For this task, output every entry below exactly and omit the pictures.

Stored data
+-------+
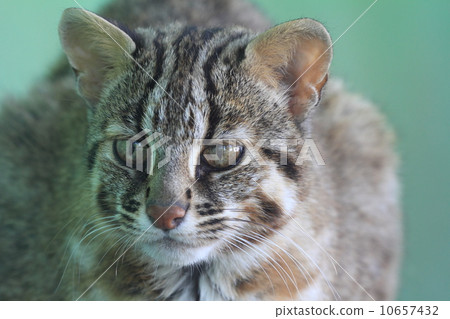 Endangered crisis Tsushima Yumenko Endangered crisis Tsushima Yumenko 10657432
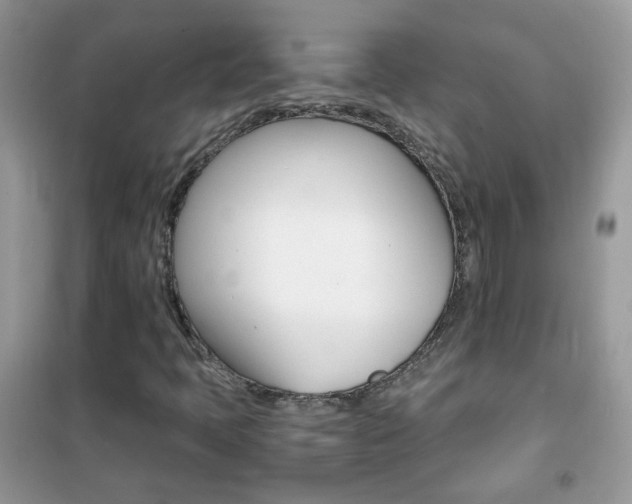 X0000102341397200808010901
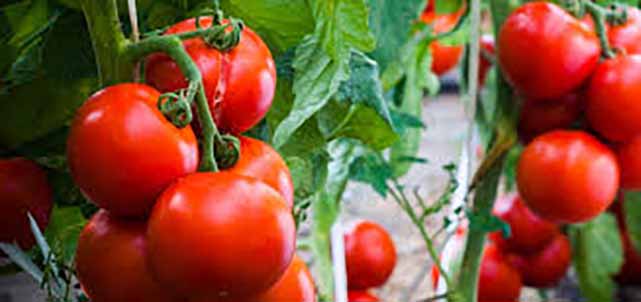 ویروس خطرناک در کمین قطب تولیدکننده گوجه‌فرنگی خارج از فصل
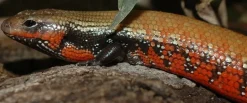 Flammeskink (Lepidothyris Fernandi)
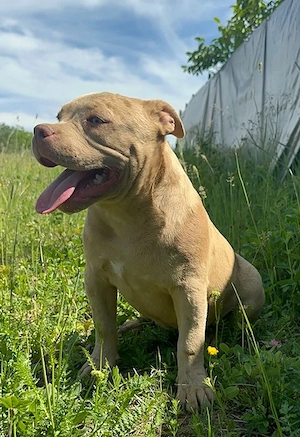 American bully pocket - imagine 4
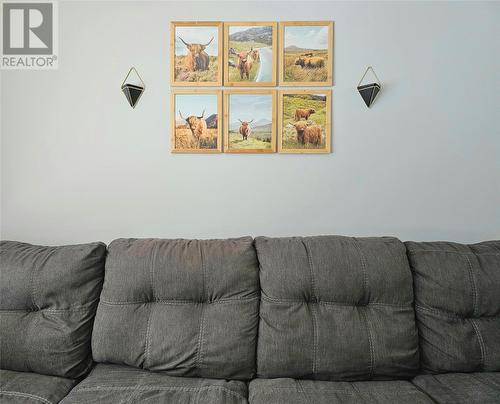 172 Nicholsville Road, Deer Lake, NL - Indoor Photo Showing Living Room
+-------+
## RESULT FOR THIS TASK
 Endangered crisis Tsushima Yumenko Endangered crisis Tsushima Yumenko 10657432
 X0000102341397200808010901
 ویروس خطرناک در کمین قطب تولیدکننده گوجه‌فرنگی خارج از فصل
 Flammeskink (Lepidothyris Fernandi)
 American bully pocket - imagine 4
 172 Nicholsville Road, Deer Lake, NL - Indoor Photo Showing Living Room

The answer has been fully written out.